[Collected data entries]
+++++
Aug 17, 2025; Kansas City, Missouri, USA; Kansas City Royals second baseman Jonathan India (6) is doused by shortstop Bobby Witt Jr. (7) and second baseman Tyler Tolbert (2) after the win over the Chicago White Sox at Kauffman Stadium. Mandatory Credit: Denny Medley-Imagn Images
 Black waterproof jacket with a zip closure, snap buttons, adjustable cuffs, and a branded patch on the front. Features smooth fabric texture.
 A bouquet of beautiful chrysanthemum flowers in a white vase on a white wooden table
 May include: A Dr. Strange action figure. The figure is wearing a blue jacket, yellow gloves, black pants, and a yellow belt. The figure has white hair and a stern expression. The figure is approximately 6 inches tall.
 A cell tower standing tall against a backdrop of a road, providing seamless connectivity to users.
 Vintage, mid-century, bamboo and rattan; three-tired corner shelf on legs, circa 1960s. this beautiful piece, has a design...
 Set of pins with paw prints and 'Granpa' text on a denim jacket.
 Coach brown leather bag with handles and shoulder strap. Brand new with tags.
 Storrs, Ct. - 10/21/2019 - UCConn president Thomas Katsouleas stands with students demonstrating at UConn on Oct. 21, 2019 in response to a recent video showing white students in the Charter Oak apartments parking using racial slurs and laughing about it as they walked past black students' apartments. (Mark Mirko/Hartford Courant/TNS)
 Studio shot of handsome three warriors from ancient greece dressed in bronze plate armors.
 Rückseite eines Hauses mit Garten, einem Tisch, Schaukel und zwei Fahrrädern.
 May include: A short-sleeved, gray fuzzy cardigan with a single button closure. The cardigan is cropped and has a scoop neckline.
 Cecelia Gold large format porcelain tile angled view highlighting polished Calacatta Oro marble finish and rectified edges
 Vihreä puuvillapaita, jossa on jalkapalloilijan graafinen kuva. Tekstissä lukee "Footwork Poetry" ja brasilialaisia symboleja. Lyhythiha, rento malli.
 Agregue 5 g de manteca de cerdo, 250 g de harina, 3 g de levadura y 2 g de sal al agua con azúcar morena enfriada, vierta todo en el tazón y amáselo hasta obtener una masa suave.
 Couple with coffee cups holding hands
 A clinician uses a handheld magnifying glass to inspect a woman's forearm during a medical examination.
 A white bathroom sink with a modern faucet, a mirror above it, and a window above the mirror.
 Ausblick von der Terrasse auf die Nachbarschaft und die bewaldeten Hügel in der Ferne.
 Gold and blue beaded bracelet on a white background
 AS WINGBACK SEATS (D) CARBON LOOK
+++++
=== Task ===
From the records above, copy only the lines starting with the line that holds "Set of pins" and going on through the line that holds "Rückseite eines Hauses", exactly as written.

=== Answer section ===
 Set of pins with paw prints and 'Granpa' text on a denim jacket.
 Coach brown leather bag with handles and shoulder strap. Brand new with tags.
 Storrs, Ct. - 10/21/2019 - UCConn president Thomas Katsouleas stands with students demonstrating at UConn on Oct. 21, 2019 in response to a recent video showing white students in the Charter Oak apartments parking using racial slurs and laughing about it as they walked past black students' apartments. (Mark Mirko/Hartford Courant/TNS)
 Studio shot of handsome three warriors from ancient greece dressed in bronze plate armors.
 Rückseite eines Hauses mit Garten, einem Tisch, Schaukel und zwei Fahrrädern.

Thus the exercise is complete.